We had smooth but swift water for a considerable distance, where we glided rapidly along, scaring up ducks and kingfishers. But, as usual, our smooth progress ere long come to an end, and we were obliged to carry canoe and all about half a mile down the right bank around some rapids or falls. It required sharp eyes sometimes to tell which side was the carry, before you went over the falls, but Polis never failed to land us rightly. The raspberries were particularly abundant and large here, and all hands went to eating them, the Indian remarking on their size.

Often on bare rocky carries the trail was so indistinct that I repeatedly lost it, but when I walked behind him I observed that he could keep it almost like a hound, and rarely hesitated, or, if he paused a moment on a bare rock, his eye immediately detected some sign which would have escaped me. Frequently we found no path at all at these places, and were to him unaccountably delayed. He would only say it was "ver' strange."
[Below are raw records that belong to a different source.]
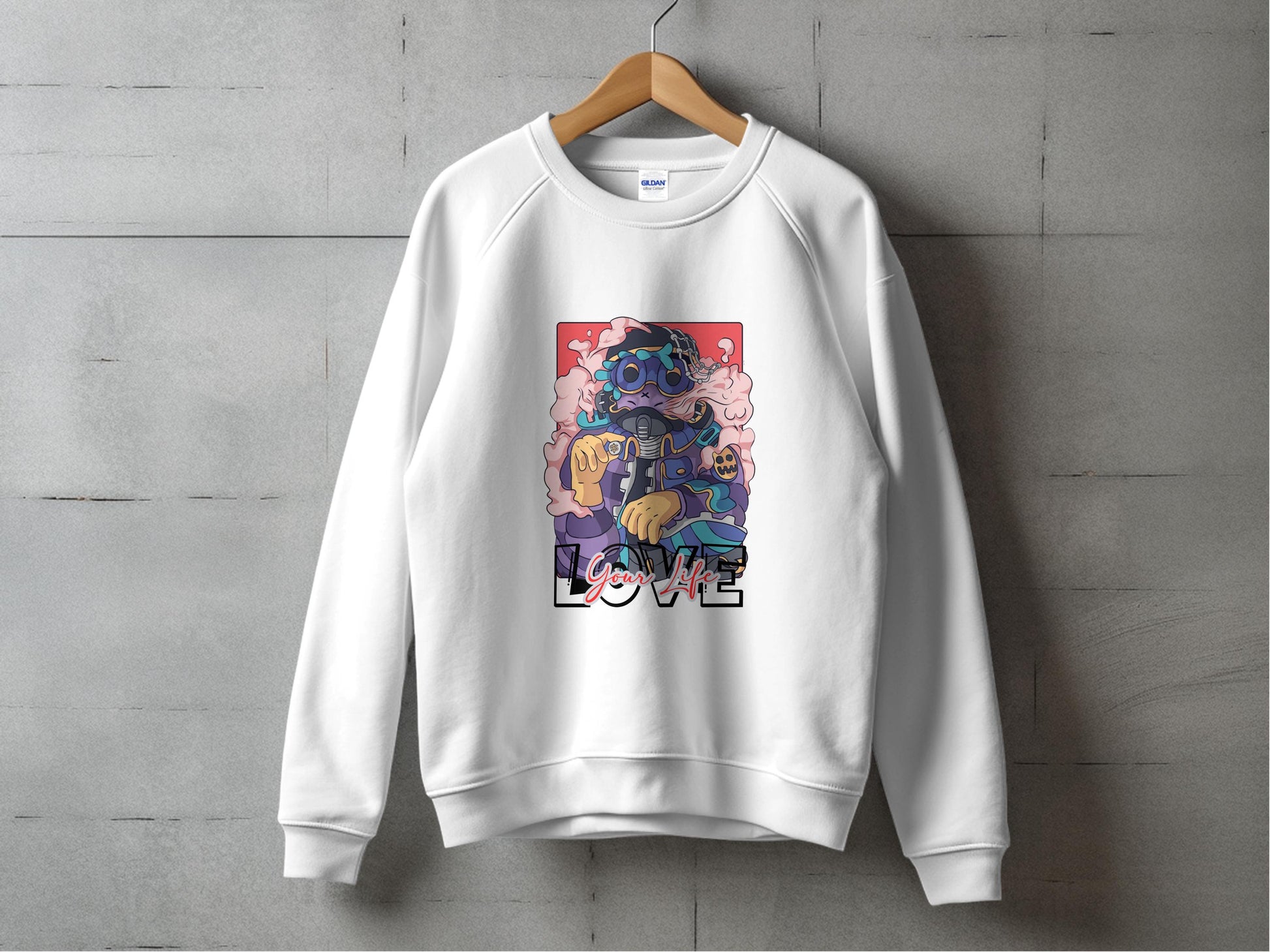 Vibrant Art Design With Love Graphic Sweatshirt Product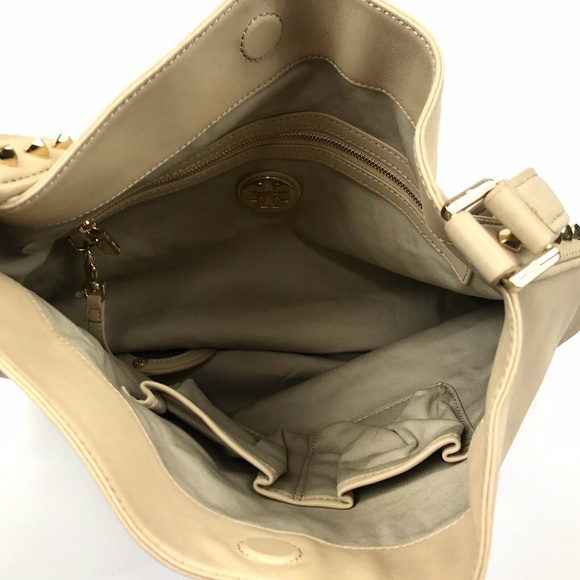 Tory Burch Leather Hobo Shoulder Bag Purse - Picture 9 of 9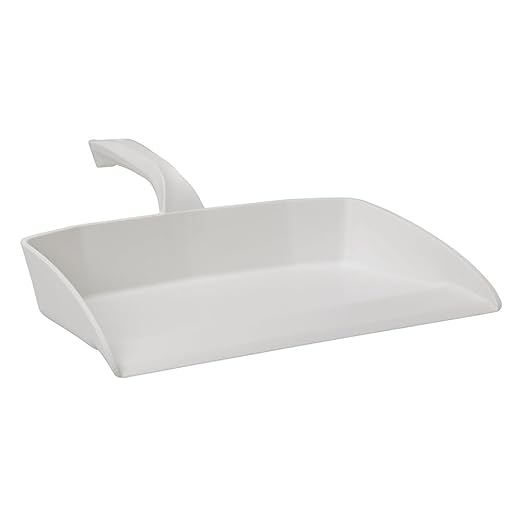 Vikan 56605 Dust Pan,11.5",PP,White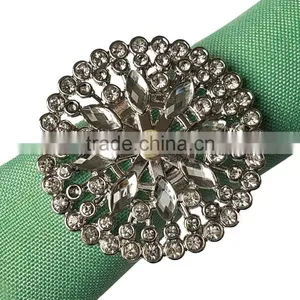Jewelled Metal Alloy Umbrella Design Napkin Ring thumbnail-1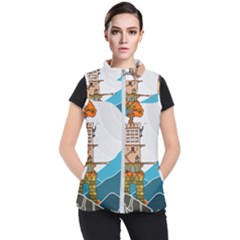 Art Artwork Drawing Painting Women s Puffer Vest by Simbadda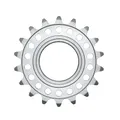 TRACK SPROCKET MICHE 18D. MONOBLOC THREADED 3.30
We had heard of a Grand Fall on this stream, and thought that each fall we came to must be it, but after christening several in succession with this name we gave up the search. There were more Grand or Petty Falls than I can remember.

I cannot tell how many times we had to walk on account of falls or rapids. We were expecting all the while that the river would take a final leap and get to smooth water, but there was no improvement this forenoon. However, the carries were an agreeable variety. So surely as we stepped out of the canoe and stretched our legs we found ourselves in a blueberry and raspberry garden, each side of our rocky trail being lined with one or both. There was not a carry on the main East Branch where we did not find an abundance of both these berries, for these were the rockiest places and partially cleared, such as these plants prefer, and there had been none to gather the finest before us.
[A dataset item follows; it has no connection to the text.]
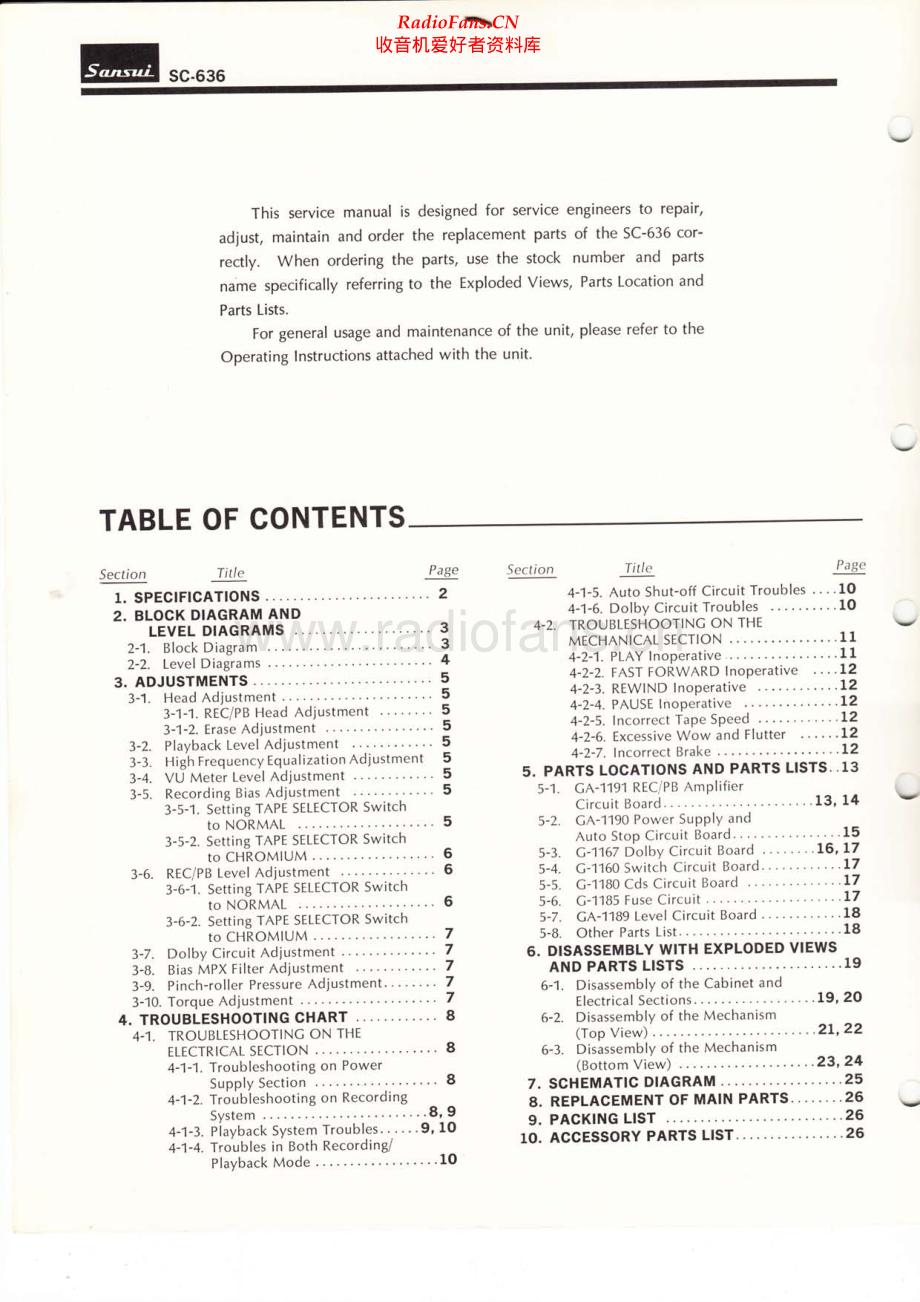 Sansui-SC636-tape-sm 维修电路原理图.pdf_第2页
We bathed and dined at the foot of one of these carries. It was the Indian who commonly reminded us that it was dinner-time, sometimes even by turning the prow to the shore. He once made an indirect, but lengthy apology, by saying that we might think it strange, but that one who worked hard all day was very particular to have his dinner in good season. At the most considerable fall on this stream, when I was walking over the carry close behind the Indian, he observed a track on the rock, which was but slightly covered with soil, and, stooping, muttered, "Caribou."
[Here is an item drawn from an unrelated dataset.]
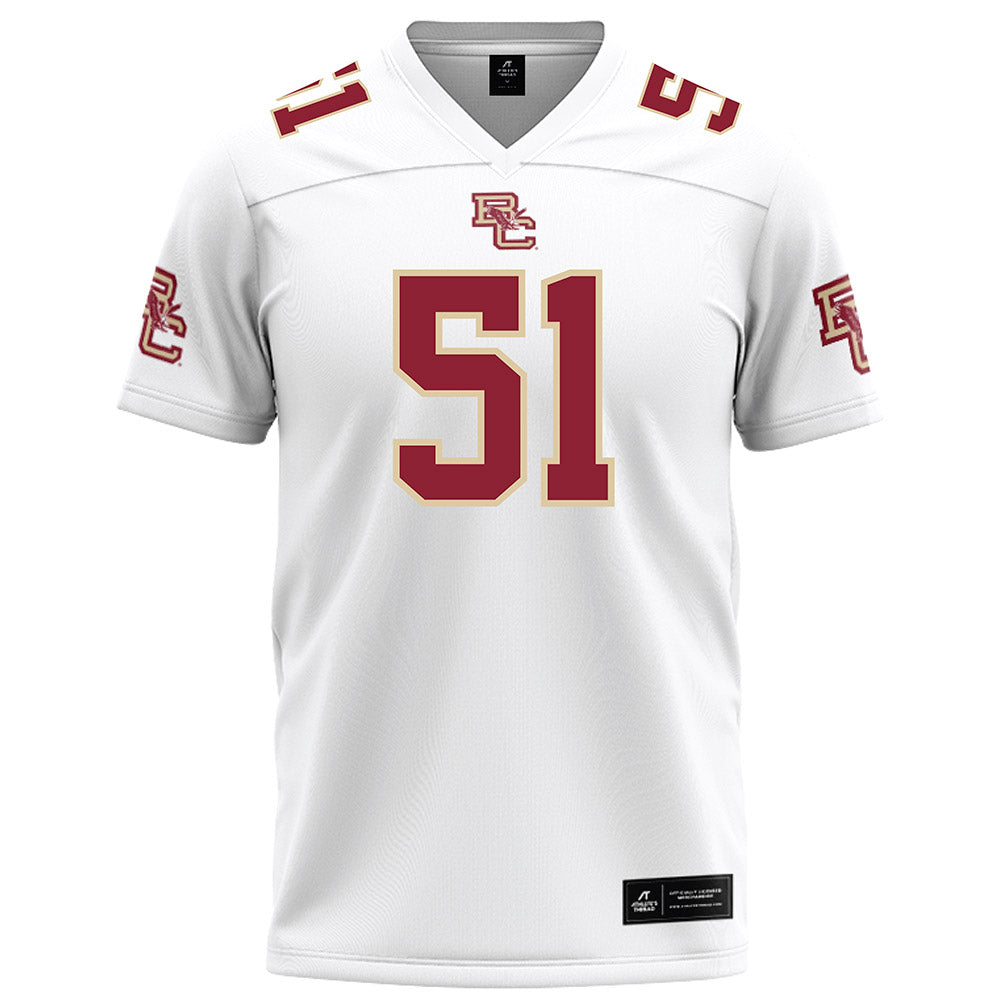 Boston College - NCAA Football : Amir Johnson - White Football Jersey-0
When we returned, he observed a much larger track near the same place, where some animal's foot had sunk into a small hollow in the rock, partly filled with grass and earth, and he exclaimed with surprise, "What that?"

"Well, what is it?" I asked.

Stooping and laying his hand in it, he answered with a mysterious air, and in a half-whisper, "Devil [that is, Indian devil, or cougar]—ledges about here—very bad animal—pull 'em rocks all to pieces."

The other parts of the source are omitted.